Medicare needs to process the claim in order for your State Medicaid carrier to process it. Sounds like a HCPCS/CPT code issue. What codes are you billing?
 
Medicare needs to process the claim in order for your State Medicaid carrier to process it. Sounds like a HCPCS/CPT code issue. What codes are you billing?
This is a T1017 Targeted case management, each 15 minutes, not payable by Medicare. With Modifier U3. Medicaid is saying they want us to bill Medicare first, however, in the electronic processing it is rejected due to Due to 'HCPCS Acknowledgement/Rejected for Invalid Information - The claim/encounter has invalid information as specified in the Status details and has been rejected.'
 
Good afternoon, have been getting claims denial by Medicaid for HCPCS T1017 (not payable by Medicare). Client is only QMB. Medicaid is saying that we need to bill Medicare first, which we have tried. Claim was transmitted electronically to the clearinghouse to transmit to Palmetto, which I just found out Medicare rejected it due to HCPCS/CPT. What do I do? Drop to paper?
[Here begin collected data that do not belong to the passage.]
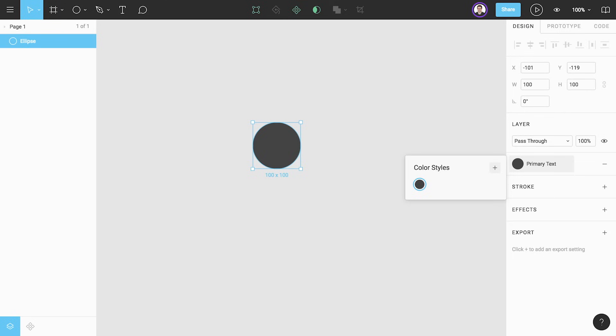The properties panel also looks a bit different now. Where we used to have the custom color picker we now see our color style. It's important to understand that the circle on the canvas is not our style but is actually just a circle object with our color style applied to it.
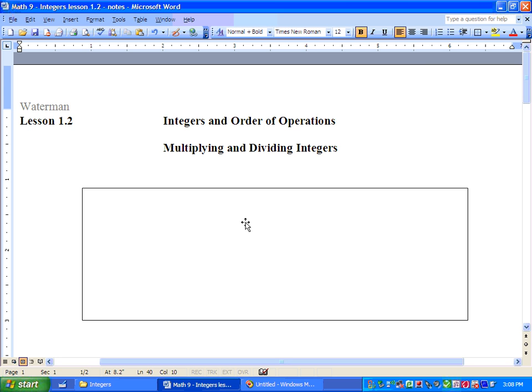Oh, hi there. This is Mr. Waterman, and we are on to Lesson 1.2 of Math 9. We're raring to go. It's the Integers and Order of Operations Unit, and we're talking about Multiplying and Dividing Integers today.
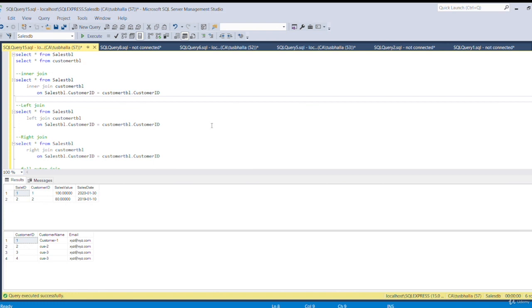Let's see how we can apply joins in SQL. In SQL we have two tables: a sales table and a customer table.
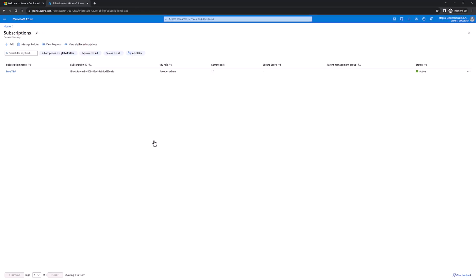And now we just logged into Azure portal. In the upcoming videos we will discuss how we could create different kinds of Azure services. So that's all for this video, thanks for watching.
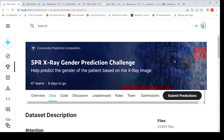This is Ritish Srinivasan and welcome to my channel. In this video, let's look at how we can predict the gender of a patient based on the x-ray image using deep learning.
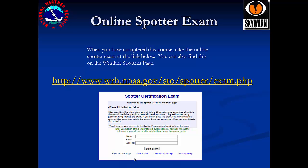The spotter package will include a certificate with your ID, the weather spotter guidebook, the spotter checklist, and additional resources for you to use. You'll also get our toll-free spotter line, which you can use to contact us with reports.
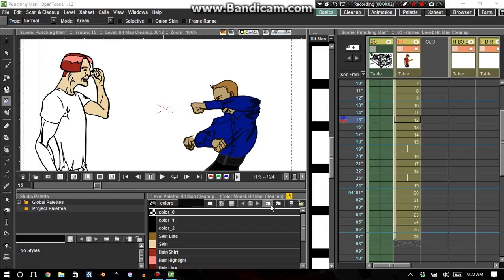Hello there, ladies and gentlemen, this is Orphanlast. Today I'm going to kind of have a tutorial on how to color your animation.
Is there any way around this, so that we can get a denial by Medicare?

If you're billing for a service that isn't a Medicare covered benefit, the QMB Medicaid isn't going to pay for it either.

QMB is a limited benefit plan that helps cover Medicare premiums, deductibles, and coinsurance. It acts basically like a Medicare supplement.

See this document on claims errors from Virginia Medicaid - the excerpt below is on page 2 of the PDF. https://www.dmas.virginia.gov/media/2141/top-50-error-reason-codes-with-resolutions.pdf


0039Qualified Medicare Beneficiary Only Enrollee. Medicaid coverage limited to deductible and coinsurance.Qualified Medicare Beneficiary (QMB) Only clients are eligible only for payment of Medicare premiums, deductibles, and coinsurance. If a QMB Only claim is denied by Medicare then there will be no reimbursement by Medicaid.
 
If you're billing for a service that isn't a Medicare covered benefit, the QMB Medicaid isn't going to pay for it either.

QMB is a limited benefit plan that helps cover Medicare premiums, deductibles, and coinsurance. It acts basically like a Medicare supplement.

See this document on claims errors from Virginia Medicaid - the excerpt below is on page 2 of the PDF. https://www.dmas.virginia.gov/media/2141/top-50-error-reason-codes-with-resolutions.pdf


0039Qualified Medicare Beneficiary Only Enrollee. Medicaid coverage limited to deductible and coinsurance.Qualified Medicare Beneficiary (QMB) Only clients are eligible only for payment of Medicare premiums, deductibles, and coinsurance. If a QMB Only claim is denied by Medicare then there will be no reimbursement by Medicaid.
Thank you so much. This is really helpful!